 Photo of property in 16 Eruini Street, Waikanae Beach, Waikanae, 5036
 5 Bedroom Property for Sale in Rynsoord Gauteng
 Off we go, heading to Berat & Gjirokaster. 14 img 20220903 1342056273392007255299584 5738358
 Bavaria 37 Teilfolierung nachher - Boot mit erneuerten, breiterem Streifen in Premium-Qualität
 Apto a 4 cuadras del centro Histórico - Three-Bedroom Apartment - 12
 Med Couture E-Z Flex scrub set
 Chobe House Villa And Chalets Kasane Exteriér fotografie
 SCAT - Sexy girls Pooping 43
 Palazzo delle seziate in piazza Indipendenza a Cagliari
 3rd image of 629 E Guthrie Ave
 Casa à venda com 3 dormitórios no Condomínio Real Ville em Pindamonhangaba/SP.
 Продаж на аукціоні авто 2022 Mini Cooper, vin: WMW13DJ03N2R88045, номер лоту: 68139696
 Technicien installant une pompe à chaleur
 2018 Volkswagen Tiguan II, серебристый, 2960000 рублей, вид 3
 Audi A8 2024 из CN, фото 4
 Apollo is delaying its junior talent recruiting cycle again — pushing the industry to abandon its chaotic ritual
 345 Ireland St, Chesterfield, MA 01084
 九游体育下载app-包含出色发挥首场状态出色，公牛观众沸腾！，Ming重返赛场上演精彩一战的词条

REQUIRED WORK: Your answer must be the line that contains "345 Ireland St, Chesterfield, MA 01084" and every line after it to the end of the records, reproduced exactly.

RESULT OF THE TASK:
 345 Ireland St, Chesterfield, MA 01084
 九游体育下载app-包含出色发挥首场状态出色，公牛观众沸腾！，Ming重返赛场上演精彩一战的词条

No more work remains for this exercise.